------ DATA FOR THIS EXERCISE

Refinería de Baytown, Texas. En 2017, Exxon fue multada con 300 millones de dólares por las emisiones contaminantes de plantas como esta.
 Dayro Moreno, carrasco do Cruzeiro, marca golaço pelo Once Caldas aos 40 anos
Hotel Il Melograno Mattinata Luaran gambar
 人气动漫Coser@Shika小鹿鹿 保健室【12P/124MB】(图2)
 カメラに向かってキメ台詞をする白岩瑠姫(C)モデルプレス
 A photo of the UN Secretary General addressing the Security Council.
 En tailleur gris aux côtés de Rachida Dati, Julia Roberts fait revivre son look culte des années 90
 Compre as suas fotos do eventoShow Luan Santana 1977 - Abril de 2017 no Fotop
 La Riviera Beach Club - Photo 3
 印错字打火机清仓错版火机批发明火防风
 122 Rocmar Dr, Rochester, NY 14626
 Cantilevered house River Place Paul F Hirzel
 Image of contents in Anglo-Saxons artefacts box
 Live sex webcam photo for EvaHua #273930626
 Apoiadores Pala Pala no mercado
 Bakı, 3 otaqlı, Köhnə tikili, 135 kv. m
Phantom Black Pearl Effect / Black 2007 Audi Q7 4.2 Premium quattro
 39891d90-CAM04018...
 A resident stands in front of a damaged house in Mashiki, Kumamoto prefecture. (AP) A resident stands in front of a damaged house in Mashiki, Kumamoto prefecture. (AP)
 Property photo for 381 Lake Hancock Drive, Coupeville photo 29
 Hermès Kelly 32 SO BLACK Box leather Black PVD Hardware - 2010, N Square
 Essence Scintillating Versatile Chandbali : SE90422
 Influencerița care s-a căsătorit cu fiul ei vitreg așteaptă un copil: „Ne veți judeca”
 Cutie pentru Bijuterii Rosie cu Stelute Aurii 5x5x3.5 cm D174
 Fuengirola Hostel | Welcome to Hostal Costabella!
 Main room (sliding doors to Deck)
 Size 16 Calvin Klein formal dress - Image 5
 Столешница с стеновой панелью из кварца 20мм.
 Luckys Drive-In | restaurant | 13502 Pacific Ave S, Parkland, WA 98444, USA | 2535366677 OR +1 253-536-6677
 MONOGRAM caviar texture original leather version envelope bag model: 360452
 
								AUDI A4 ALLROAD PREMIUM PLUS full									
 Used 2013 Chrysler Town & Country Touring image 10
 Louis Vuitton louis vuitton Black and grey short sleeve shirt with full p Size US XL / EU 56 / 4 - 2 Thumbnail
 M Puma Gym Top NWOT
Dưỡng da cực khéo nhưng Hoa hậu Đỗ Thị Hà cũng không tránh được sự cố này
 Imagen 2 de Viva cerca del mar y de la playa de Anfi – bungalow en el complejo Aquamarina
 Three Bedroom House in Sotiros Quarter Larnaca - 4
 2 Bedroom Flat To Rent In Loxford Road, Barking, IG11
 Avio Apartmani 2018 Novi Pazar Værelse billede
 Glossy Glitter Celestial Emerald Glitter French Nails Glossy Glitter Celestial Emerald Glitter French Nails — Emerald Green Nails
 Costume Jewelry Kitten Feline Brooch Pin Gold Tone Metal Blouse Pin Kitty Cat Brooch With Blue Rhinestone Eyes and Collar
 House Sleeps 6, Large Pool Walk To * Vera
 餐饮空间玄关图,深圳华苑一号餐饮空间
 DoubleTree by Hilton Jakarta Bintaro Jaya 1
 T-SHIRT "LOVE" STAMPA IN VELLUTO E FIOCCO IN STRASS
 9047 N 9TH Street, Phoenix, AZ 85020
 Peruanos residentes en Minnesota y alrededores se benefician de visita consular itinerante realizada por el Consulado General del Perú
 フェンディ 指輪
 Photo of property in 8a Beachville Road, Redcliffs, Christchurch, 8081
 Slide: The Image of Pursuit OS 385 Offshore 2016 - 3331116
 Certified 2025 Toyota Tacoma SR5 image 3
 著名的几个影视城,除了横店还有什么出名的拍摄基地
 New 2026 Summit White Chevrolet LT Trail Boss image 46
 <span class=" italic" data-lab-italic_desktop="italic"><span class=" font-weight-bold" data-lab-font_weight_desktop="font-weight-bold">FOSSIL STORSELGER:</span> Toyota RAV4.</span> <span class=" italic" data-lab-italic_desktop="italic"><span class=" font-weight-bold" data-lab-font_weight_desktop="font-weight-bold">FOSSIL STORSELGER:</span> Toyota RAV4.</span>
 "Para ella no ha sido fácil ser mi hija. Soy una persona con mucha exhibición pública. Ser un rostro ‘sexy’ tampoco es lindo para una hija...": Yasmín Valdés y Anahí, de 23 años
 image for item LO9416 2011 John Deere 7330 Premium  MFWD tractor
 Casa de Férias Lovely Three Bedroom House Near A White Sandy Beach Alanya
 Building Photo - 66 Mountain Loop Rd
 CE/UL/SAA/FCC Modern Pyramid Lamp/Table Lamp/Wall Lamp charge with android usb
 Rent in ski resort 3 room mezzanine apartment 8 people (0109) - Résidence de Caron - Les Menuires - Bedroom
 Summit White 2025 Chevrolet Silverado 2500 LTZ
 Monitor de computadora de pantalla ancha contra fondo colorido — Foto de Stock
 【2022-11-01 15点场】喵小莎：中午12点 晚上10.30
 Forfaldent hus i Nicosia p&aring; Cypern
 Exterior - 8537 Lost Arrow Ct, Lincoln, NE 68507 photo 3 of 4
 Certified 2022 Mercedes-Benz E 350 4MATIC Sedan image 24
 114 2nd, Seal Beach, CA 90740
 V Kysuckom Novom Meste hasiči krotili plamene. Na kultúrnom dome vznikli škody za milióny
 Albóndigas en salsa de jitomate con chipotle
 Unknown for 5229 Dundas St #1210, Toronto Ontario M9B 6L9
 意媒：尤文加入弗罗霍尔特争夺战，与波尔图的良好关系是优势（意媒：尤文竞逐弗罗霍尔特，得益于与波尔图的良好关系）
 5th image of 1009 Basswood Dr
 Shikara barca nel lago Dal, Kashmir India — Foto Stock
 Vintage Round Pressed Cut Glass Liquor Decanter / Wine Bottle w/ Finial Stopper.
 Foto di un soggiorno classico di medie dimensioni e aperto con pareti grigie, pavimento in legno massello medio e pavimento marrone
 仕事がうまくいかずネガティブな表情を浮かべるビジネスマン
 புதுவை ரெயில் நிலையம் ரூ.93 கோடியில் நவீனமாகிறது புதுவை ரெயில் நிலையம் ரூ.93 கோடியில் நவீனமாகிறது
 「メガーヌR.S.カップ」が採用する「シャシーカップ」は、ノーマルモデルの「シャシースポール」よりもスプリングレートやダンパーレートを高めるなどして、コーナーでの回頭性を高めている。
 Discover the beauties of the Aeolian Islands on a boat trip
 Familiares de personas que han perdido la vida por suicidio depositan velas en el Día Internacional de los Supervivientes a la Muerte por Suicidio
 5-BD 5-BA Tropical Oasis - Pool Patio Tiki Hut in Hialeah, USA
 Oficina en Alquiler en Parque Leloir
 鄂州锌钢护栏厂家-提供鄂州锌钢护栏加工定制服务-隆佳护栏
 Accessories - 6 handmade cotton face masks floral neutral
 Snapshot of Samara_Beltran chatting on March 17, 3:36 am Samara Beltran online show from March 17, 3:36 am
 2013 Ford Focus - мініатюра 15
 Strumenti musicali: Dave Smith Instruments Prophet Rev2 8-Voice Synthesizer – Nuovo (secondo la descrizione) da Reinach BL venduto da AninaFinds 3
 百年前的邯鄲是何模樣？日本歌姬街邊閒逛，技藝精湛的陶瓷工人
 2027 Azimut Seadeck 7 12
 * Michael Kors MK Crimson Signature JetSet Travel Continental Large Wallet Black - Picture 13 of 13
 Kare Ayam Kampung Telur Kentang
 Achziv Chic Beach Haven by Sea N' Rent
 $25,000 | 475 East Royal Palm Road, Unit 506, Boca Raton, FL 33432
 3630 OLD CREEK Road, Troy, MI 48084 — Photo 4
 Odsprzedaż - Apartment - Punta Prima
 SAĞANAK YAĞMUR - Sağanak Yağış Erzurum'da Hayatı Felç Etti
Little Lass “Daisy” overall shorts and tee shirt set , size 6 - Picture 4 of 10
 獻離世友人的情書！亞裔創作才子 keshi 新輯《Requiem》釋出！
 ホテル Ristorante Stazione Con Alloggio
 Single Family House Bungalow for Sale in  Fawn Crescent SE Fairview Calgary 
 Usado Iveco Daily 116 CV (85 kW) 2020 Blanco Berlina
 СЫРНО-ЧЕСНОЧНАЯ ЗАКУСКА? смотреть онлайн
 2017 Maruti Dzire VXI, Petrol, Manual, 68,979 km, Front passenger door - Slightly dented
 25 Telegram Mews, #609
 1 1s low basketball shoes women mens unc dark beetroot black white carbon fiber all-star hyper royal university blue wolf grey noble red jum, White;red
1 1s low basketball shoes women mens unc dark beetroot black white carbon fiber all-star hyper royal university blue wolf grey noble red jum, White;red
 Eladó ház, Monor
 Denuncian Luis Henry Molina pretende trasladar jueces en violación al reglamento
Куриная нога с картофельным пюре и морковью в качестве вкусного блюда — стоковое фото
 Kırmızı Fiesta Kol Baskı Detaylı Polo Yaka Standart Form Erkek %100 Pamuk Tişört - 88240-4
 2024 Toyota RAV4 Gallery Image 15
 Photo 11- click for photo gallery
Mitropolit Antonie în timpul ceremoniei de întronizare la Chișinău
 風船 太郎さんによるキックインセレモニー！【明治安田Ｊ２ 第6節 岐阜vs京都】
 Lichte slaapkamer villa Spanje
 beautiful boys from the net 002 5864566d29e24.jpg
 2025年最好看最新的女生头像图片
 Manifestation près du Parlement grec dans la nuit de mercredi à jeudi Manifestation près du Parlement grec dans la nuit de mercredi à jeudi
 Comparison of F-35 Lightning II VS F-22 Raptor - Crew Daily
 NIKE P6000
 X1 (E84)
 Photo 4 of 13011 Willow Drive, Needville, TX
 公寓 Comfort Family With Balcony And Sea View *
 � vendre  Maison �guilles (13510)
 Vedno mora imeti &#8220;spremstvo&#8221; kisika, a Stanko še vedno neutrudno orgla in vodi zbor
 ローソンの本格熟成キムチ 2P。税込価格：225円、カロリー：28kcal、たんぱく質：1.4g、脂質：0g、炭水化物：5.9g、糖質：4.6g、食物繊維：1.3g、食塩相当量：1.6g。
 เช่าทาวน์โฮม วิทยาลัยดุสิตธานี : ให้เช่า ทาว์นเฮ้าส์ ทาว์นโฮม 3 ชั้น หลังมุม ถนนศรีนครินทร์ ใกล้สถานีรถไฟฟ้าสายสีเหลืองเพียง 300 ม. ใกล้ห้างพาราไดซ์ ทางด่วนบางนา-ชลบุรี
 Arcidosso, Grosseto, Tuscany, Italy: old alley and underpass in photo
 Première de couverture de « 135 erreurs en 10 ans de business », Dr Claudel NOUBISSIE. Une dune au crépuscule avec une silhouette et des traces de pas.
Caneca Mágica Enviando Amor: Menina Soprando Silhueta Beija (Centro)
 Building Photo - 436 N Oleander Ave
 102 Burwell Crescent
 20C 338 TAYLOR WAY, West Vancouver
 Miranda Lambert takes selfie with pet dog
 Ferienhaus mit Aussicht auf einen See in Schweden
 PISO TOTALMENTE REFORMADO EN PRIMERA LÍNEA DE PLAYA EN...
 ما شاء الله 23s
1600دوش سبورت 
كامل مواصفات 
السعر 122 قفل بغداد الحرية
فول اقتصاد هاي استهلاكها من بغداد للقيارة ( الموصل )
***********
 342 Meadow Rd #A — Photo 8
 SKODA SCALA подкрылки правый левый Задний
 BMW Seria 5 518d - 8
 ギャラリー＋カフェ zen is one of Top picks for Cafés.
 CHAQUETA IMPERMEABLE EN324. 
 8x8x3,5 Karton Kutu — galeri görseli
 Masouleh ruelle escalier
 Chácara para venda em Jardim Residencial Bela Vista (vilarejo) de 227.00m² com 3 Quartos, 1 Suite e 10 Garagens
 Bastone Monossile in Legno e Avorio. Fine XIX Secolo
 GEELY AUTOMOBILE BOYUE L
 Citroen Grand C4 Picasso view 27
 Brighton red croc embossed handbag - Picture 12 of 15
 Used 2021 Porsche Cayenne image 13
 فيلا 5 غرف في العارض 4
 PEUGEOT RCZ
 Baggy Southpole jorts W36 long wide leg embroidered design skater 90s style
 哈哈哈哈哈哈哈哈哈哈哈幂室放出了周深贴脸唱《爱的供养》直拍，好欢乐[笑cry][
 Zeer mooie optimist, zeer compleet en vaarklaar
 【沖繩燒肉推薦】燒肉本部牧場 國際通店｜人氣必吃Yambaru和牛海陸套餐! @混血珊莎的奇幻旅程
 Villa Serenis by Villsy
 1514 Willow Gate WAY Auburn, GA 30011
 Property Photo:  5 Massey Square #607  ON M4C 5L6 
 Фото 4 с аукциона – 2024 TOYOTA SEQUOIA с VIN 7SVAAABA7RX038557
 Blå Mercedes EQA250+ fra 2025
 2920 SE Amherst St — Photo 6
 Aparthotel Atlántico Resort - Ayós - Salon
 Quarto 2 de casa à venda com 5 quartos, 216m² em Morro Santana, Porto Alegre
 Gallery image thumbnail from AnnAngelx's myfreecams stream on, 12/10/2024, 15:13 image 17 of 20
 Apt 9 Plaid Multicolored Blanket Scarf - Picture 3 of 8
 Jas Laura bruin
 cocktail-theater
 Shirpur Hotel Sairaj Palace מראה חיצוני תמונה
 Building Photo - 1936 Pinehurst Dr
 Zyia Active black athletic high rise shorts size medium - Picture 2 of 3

------------

▶ _GOAL OF THE EXERCISE_
An exact, complete copy of the lines above from the one with "Albóndigas en salsa de jitomate con chipotle" through the one with "Vintage Round Pressed" is the whole answer.

▶ _SOLUTION FOR THIS PROBLEM_
 Albóndigas en salsa de jitomate con chipotle
 Unknown for 5229 Dundas St #1210, Toronto Ontario M9B 6L9
 意媒：尤文加入弗罗霍尔特争夺战，与波尔图的良好关系是优势（意媒：尤文竞逐弗罗霍尔特，得益于与波尔图的良好关系）
 5th image of 1009 Basswood Dr
 Shikara barca nel lago Dal, Kashmir India — Foto Stock
 Vintage Round Pressed Cut Glass Liquor Decanter / Wine Bottle w/ Finial Stopper.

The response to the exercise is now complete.